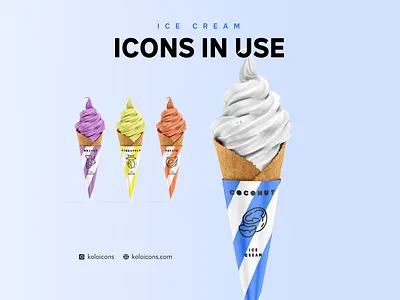 Ice Cream Icons in use caffee design example food ice icecream icon icons illustration inspiration logo perfect pixel shop use user experience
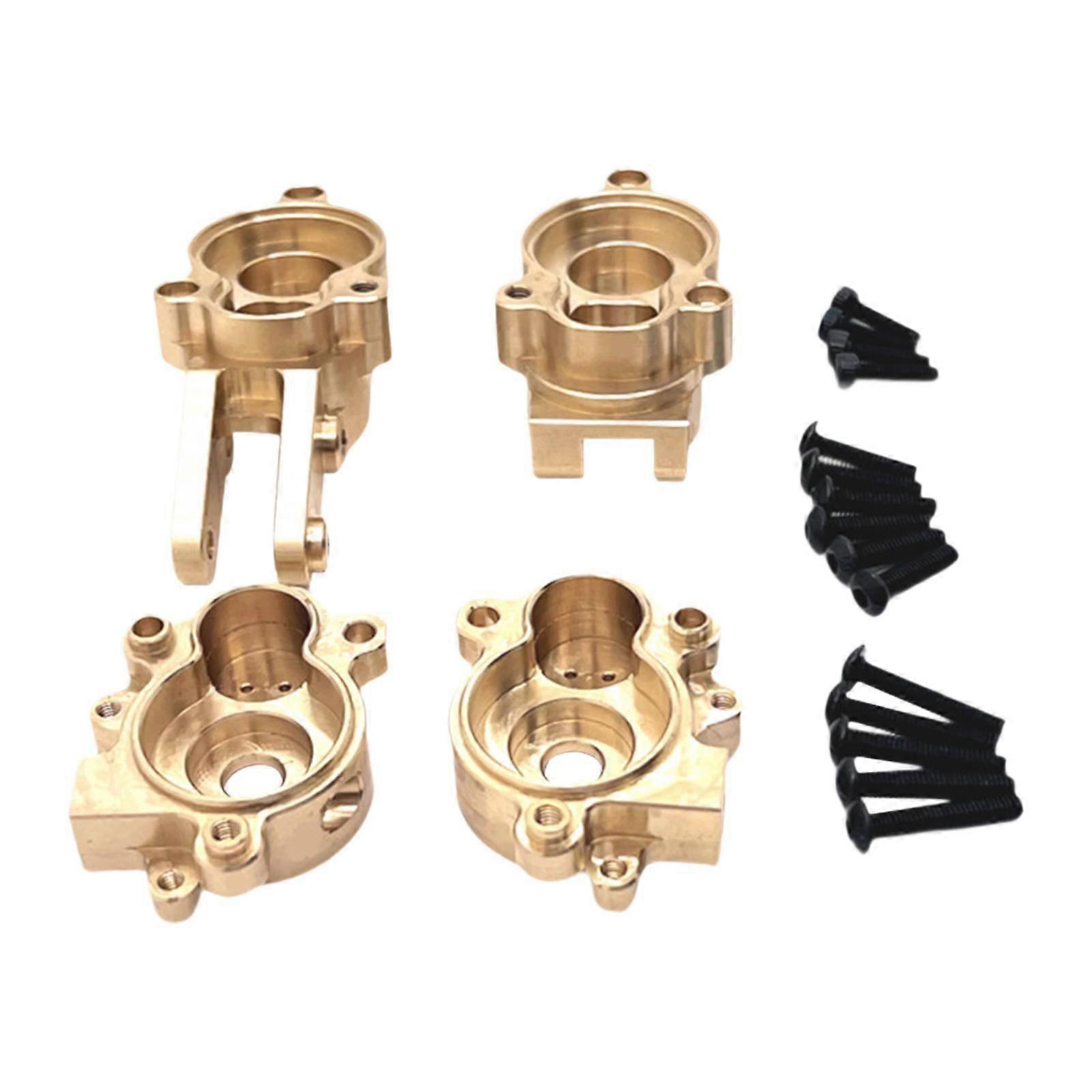 4x 1/10 RC Auto hintere Lenkschale und Getriebeabdeckung für Yk4106 Modell RC Auto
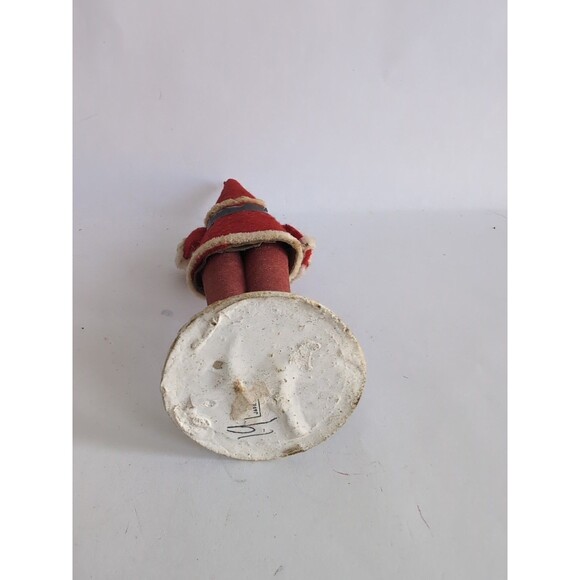 Belsnickle Santa Christmas Putz Figure Clay Face Japan Vtg Antique 5 1/2" - Picture 3 of 4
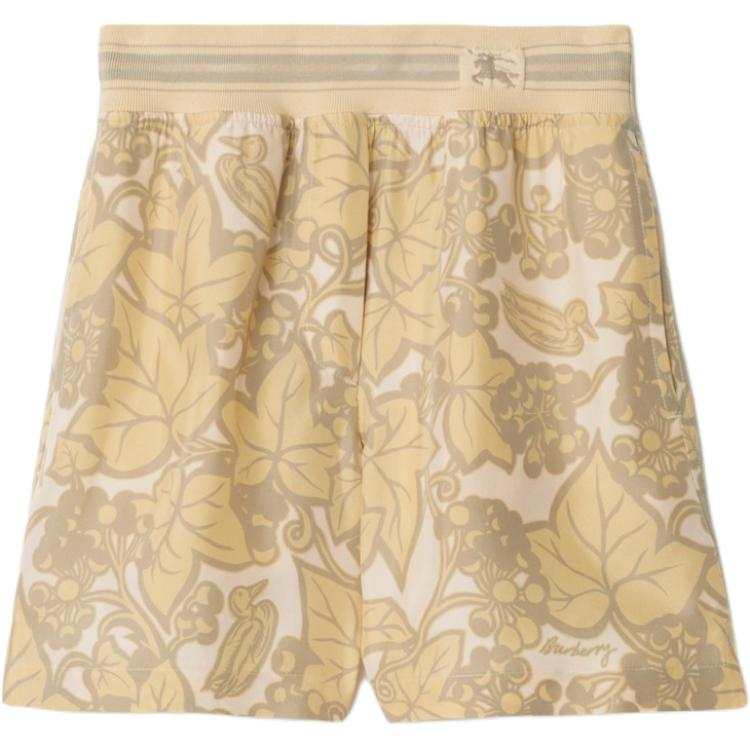 Burberry Botanical-Printed Elasticated Waistband Shorts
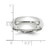 Platinum 6 mm Comfort-Fit Wedding Band, Domed - View 3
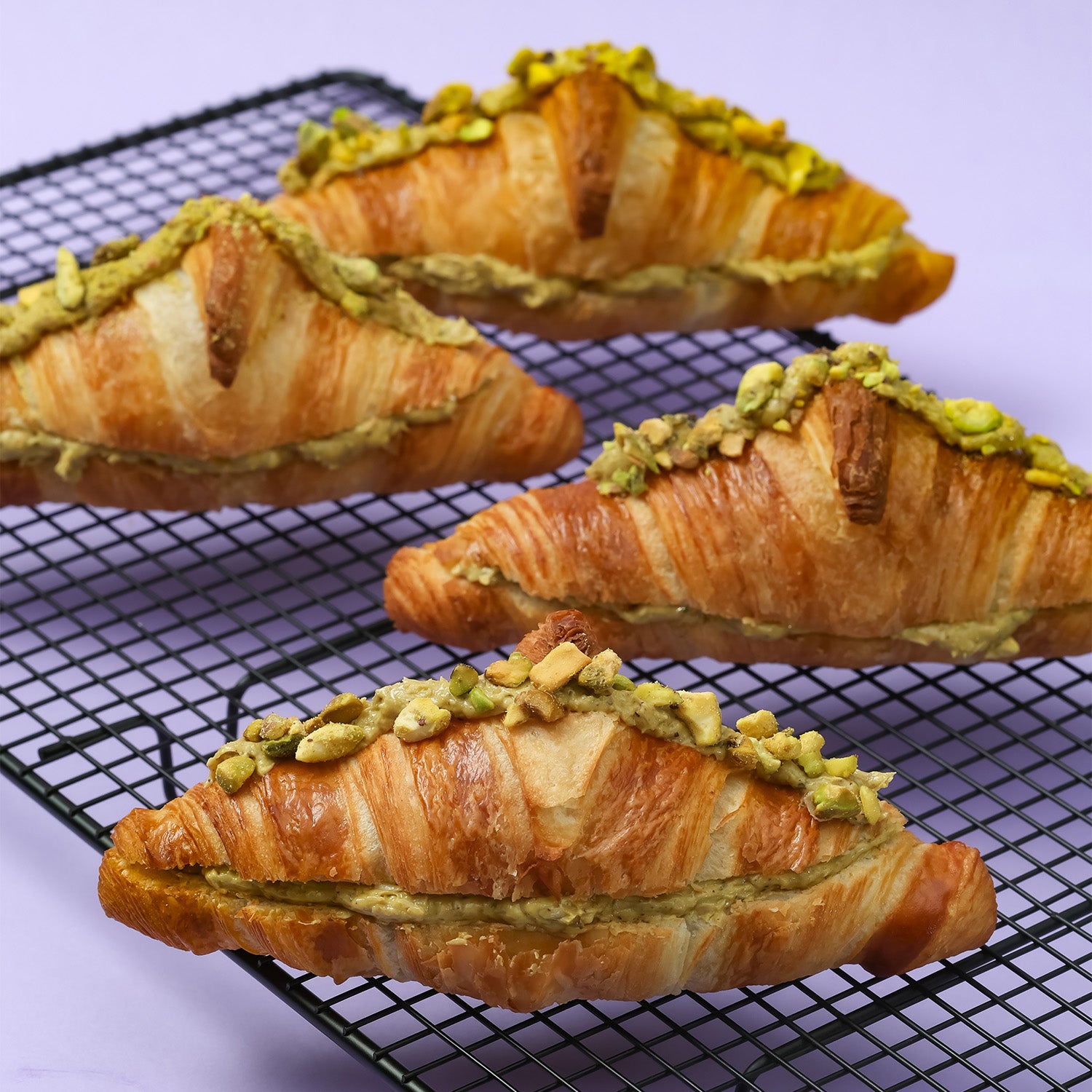 Croissant nutella frutilla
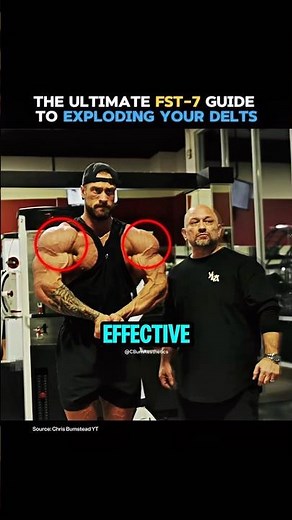 CBum's FST-7 shoulder workout is the ultimate blueprint for 3D delts. 👑 ‪@ChrisBumstead‬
*-*-*
### TASK OBJECTIVE
Please keep the pictures out and reproduce the records above exactly.

### SOLUTION TO THIS EXERCISE
 Ice Cream Icons in use caffee design example food ice icecream icon icons illustration inspiration logo perfect pixel shop use user experience
 4x 1/10 RC Auto hintere Lenkschale und Getriebeabdeckung für Yk4106 Modell RC Auto
 Belsnickle Santa Christmas Putz Figure Clay Face Japan Vtg Antique 5 1/2" - Picture 3 of 4
 Burberry Botanical-Printed Elasticated Waistband Shorts
 Platinum 6 mm Comfort-Fit Wedding Band, Domed - View 3
 Croissant nutella frutilla
 CBum's FST-7 shoulder workout is the ultimate blueprint for 3D delts. 👑 ‪@ChrisBumstead‬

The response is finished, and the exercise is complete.